Misalnya, orang yang selalu berperan menjadi mediator di rumahnya yang penuh konflik. Atau, orang yang sedari usia muda harus mengurus anggota keluarga yang sakit. Kondisi semacam inilah yang berpotensi membentuk mereka menjadi fixer.

diajeng Mengobrol dengan Pasangan

Ilustrasi Mengobrol dengan Pasangan. (FOTO/iStockphoto)

Nah, pertanyaan yang menarik selanjutnya, apa kita betul-betul bisa menjadi fixer untuk orang lain?

Menurut Mel Robbins, pembicara dan penulis buku The Let Them Theory (2024), jawabannya adalah tidak.

Dalam satu video, Robbins menuturkan, tak seorang pun bisa berubah kecuali dia mau berubah.

Selain itu, jika kita terlalu menuntut seseorang untuk berubah, hal ini bukan tidak mungkin akan menimbulkan penolakan dari orang tersebut.

Senada dengan Mel, Psikolog Miwa juga berpendapat kita sebaiknya tidak perlu selalu berusaha memperbaiki orang lain.

“Kita berpersepsi orang lain kurang sempurna, sehingga perlu diperbaiki. Padahal, belum tentu kondisi kita secara objektif lebih baik dari dia,” ujar Miwa.

“Orang lain juga belum tentu merasa butuh perbaikan. Jika kita berusaha memperbaikinya, bisa jadi akan muncul ketegangan dan konflik dengan dia.”

Bersikeras memperbaiki orang lain bahkan juga bisa memperburuk kondisi orang yang ingin dibantu.

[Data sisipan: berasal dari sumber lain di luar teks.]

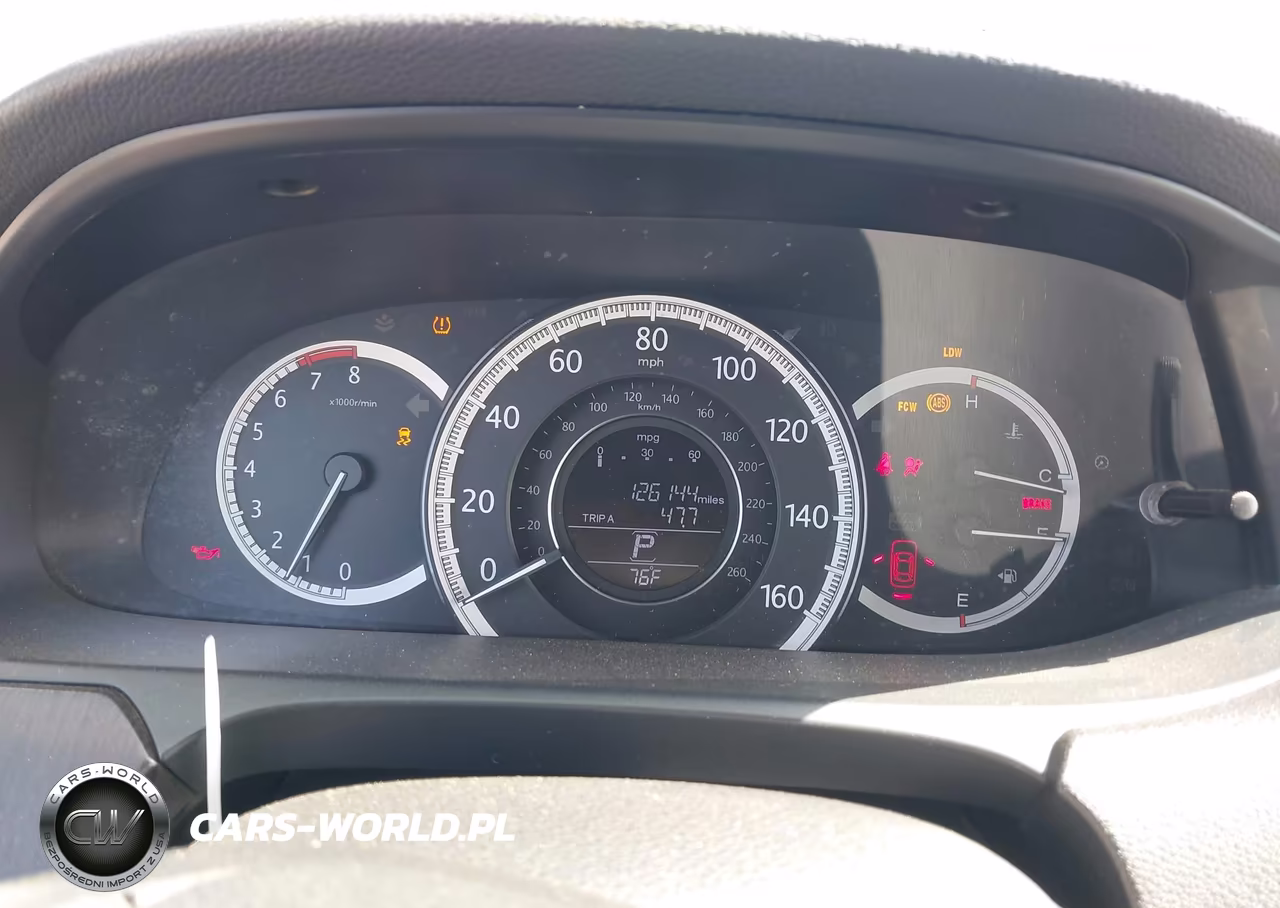 2015 Honda Accord Ex-L VIN:1HGCR2F8XFA030719 - 7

Masih mengutip pendapat Gooden, upaya memperbaiki seseorang akan menciptakan hubungan kodependensi, yakni kondisi emosional dan perilaku yang menyebabkan seseorang bergantung secara psikologis pada orang lain.

Misalnya, kita berusaha “memperbaiki” seorang kerabat yang pengangguran.

Kita terus-menerus merepotkan diri sendiri demi mencarikan lowongan pekerjaan untuk dia dan mengurus tetek bengek untuk persiapannya melamar kerja.

Ini bisa memberikan pesan yang keliru bahwa kerabat kita tidak perlu bertanggung jawab atas hidupnya, melainkan kita sebagai fixer yang perlu mengurusnya.

Padahal, bukan tugas kita memastikan dia mendapat pekerjaan.

Setiap orang bertanggung jawab atas diri sendiri.

Setiap orang perlu belajar mengembangkan keterampilan untuk mengatasi masalah hidup masing-masing—entah itu mencari pekerjaan, melatih cara berkomunikasi, atau bahkan pergi ke psikolog untuk menyelesaikan trauma masa lalu.

Dengan bersikeras menjadi fixer, kita bisa jadi malah “merampas” kesempatan orang lain untuk berproses dan belajar.

“Apabila kita terkenal sebagai orang yang selalu ingin memperbaiki orang lain tanpa diminta, kita malah akan mendapat stigma sebagai individu yang sulit, egois, dan tidak bisa menghargai orang lain. Akibatnya, orang lain enggan mendekati kita sehingga kita tak diterima secara sosial,” pungkas Miwa.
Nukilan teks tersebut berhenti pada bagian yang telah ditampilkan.